The response was wearily familiar to anyone who writes about Mary Lou McDonald’s party in anything less than reverential terms.
There were various strategies adopted. Anonymous accounts pretended to be terribly disappointed in me — they apparently thought I was a great chap when I was criticising the DUP, until this article opened their eyes to my inalterable bigotry.
This is transparent: Do what we like, and we’ll praise you; step out of line and we’ll decry you . . . 
Others were sneering. It was “fake news” from a “unionist scribe” who as a “west Brit” was too stupid to understand the sophisticated reasons behind their beloved party’s u-turns.​
But the abuse quickly started, as it invariably does. Some of it was sectarian.

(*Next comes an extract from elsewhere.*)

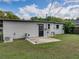 Spacious backyard with a small concrete patio, exterior door, well-maintained lawn, and partial fencing at 2625 Williston Dr, Lakeland, FL 33801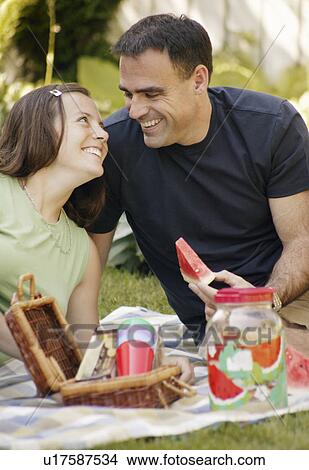 Picture - Adult couple having a picnic. Fotosearch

There were references to “planters” and my “overindulgence and self-intoxication in bigoted Orangeism.

In his 1995 article on Ur-Fascism Umberto Eco warned of mechanisms employed to 'limit the instruments for complex and critical reasoning.' It would be ludicrous to accuse Sinn Fein of being fascist or Mary Lou McDonald of being an Irish Giorgia Meloni but not so to point out that in its harassment of Sam McBride the party or its online goondas are drawing on tactics which frequently appear in the far right play book. This in a bid to stymie critical reasoning.

In a world where the far right is increasingly pushing irrational obscurantism coupled with the smear that disagreement is treason (echoes of Eco), democratic culture and vulnerable communities will depend on robust journalism strategically positioning itself at each echelon of society's defence in depth. Yet there are ongoing efforts by Sinn Fein to curb such journalism either through SLAPP - which won McDonald the SLAPP politician of the year "awarded to the politician who has proven most reliant on SLAPPs and legal intimidation to respond to opposition, dissent, or efforts at accountability" - or the type of online bullying and intimidation that is being directed at Sam McBride.

Investigative journalism is a vital asset and will prove even more so in a climate where, in the chilling words of Brecht, the bitch that bore the bastard is in heat again. Perhaps now we can better understand why they oppose abortion.